Indeed, he goes so far as to say that Middlemarch, the city of thought, is “the place of reason, the state of common sense”; It is therefore surprising that he should concern himself with the ordinary details of Eliot’s life as a writer and woman, considering the various aspects of Middlemarch. because he might try Mead’s love), although marginal aspects. like Fred Vincy in their time in the spotlight. Focusing on knowledge and emotional connections, Mead defends readers who think about words and authors against accusations of ignorant or arrogant reading. He understands the problems: “this is the nature of fiction – where do I see myself here? – not how a student reads, and can be limited to his solipsism.” But Mead saw it in Middlemarch It’s a type of intelligence that he likes, “its breadth, its sensitivity, its importance, its intelligence, its depth of thought”. Content, Mead argues, is a useful and necessary form of reading: “it is the source of pleasure, and the speed of reading” for ordinary readers. He wants to see the image in the “totally pedestrian and ordinary”, although it is the only one that Mead directly stated that his project assures “the naive reader that I live and I want to close”.

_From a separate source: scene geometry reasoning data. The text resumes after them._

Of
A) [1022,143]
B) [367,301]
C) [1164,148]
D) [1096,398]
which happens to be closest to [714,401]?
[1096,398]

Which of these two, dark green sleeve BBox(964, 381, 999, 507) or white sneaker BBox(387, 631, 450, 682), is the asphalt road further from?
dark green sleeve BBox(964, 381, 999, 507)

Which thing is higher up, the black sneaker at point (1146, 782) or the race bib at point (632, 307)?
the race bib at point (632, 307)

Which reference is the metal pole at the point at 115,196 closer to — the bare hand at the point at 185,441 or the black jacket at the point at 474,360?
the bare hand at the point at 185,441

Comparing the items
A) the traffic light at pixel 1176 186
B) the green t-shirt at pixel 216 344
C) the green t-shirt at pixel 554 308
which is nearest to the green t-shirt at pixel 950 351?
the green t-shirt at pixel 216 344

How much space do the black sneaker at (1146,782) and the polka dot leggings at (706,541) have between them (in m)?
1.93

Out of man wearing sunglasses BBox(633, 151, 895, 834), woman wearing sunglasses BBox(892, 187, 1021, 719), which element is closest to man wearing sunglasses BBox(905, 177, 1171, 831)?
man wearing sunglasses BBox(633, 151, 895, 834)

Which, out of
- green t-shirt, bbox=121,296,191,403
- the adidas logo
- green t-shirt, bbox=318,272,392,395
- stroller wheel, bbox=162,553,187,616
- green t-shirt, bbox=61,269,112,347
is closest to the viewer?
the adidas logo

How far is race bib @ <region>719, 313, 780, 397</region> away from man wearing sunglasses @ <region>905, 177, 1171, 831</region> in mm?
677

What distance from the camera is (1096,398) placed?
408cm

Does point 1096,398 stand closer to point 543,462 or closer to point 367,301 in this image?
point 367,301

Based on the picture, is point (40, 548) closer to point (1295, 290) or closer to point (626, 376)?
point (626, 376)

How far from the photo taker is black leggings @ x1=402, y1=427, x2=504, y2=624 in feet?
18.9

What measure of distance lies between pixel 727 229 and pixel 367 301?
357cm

Well, although one should not admit that there are very different “special” and “normal” readers. Mead delivers with a light touch; for those who do not know Middlemarch and Eliot is good, there’s a lot to see. Some people may find it a little educational but a lot of fun – while others may like the language of the story itself, which is shorter than expected from the literary tribute. That said, Mead can’t be blamed for leaving Eliot to write his book for him, and he certainly did his homework, visiting archives and mystery-mongering hand-in-hand. five of 150 years ago.

Ultimately, if Mead defends our right to read as we choose, he believes we are blessed by choosing great books. In this he is in full accord with Eliot, who declared: “If Art does not increase the love of man, it does no justice.” But Mead reminds us that Eliot’s educational focus was not limited to culture: “One must spend many years in the study of happiness,” he once wrote. Mead concludes: “There are books that understand us as we understand them, or not. But who is the medicine and who is the teacher? These tributes are accused by some as parasitic, there are fewer works on important things. But criticism is always charged with parasitism – with derivative, dependent, debased. Some of us can argue that instead of criticizing the relation to the great literature: good criticism, does not seek to destroy its host, but to help to grow in different ways, to change and change in changing worlds. Or, for Extending Mead’s metaphor, we might say that good gardeners are good observers, grafting, weeding, and recording our world’s limited resources to historians. If Mead helped Middlemarch in bloom for the new readers, as it is true, then he did more.

Sarah Churchwell is the author of The Careless: Murder, Violence and the Invention of The Great Gatsby.